Example:  pbzip2 -p4 -r -5 myfile.tar second*.txt

This example will compress the file "myfile.tar" into the compressed
file "myfile.tar.bz2".  It will use 4 processors with a BWT block
size of 500k.  The file block size will be the size of "myfile.tar"
divided by 4 (# of processors) so that the data will be split
evenly among each processor.  This requires you have enough RAM for
pbzip2 to read the entire file into memory for compression.  pbzip2
will then use the same options to compress all other files that
match the wildcard "second*.txt" in that directory.


Example:  pbzip2 -l myfile.tar

This example will compress the file "myfile.tar" into the compressed
file "myfile.tar.bz2".  It will use the autodetected # of processors
(or 2 processors if autodetect not supported) if the 1 minute load
average is less than 0.5, otherwise it will select the maximum # of
processors so that only idle processors are used for pbzip2.  If the
system has 4 processors and the load average is 2.00, then pbzip2
will use 2 processors to compress the data. 

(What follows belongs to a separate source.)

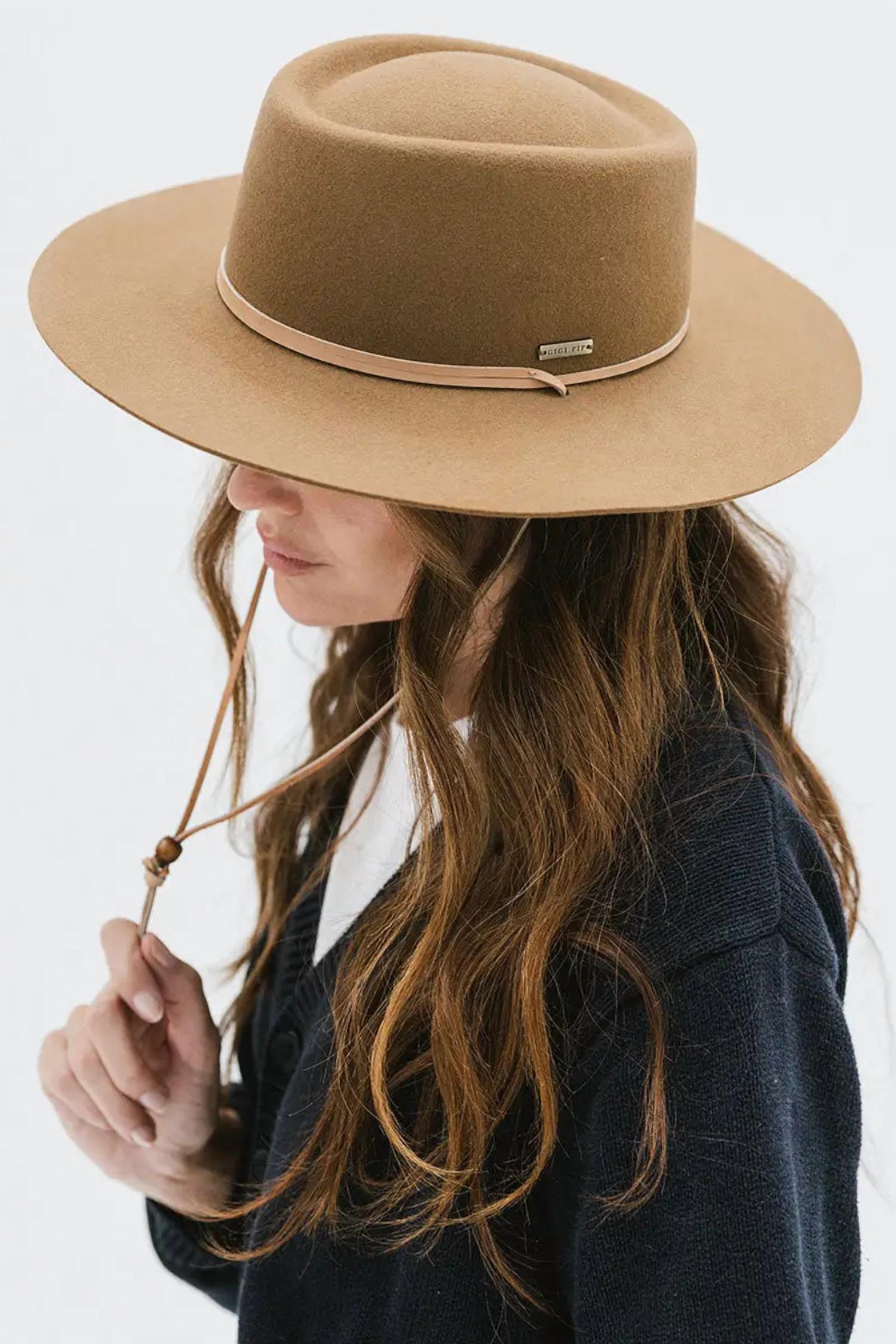 Gigi Pip Women's Wren Telescope Crown Hat in brown - women's hat - detail view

Example: tar cf myfile.tar.bz2 --use-compress-prog=pbzip2 dir_to_compress/
Example: tar -c directory_to_compress/ | pbzip2 -c > myfile.tar.bz2

These examples will compress the data being given to pbzip2 via pipe 
from TAR into the compressed file "myfile.tar.bz2".  It will use the
autodetected # of processors (or 2 processors if autodetect not
supported) with the default file block size of 900k and default BWT
block size of 900k.  TAR is collecting all of the files from the
"directory_to_compress/" directory and passing the data to pbzip2 as
it works.


Example:  pbzip2 -d -m500 myfile.tar.bz2

This example will decompress the file "myfile.tar.bz2" into the
decompressed file "myfile.tar".  It will use the autodetected # of
processors (or 2 processors if autodetect not supported).  It will use
a maximum of 500MB of memory for decompression.
The switches -b, -r, -t, and -1..-9 are not valid for decompression.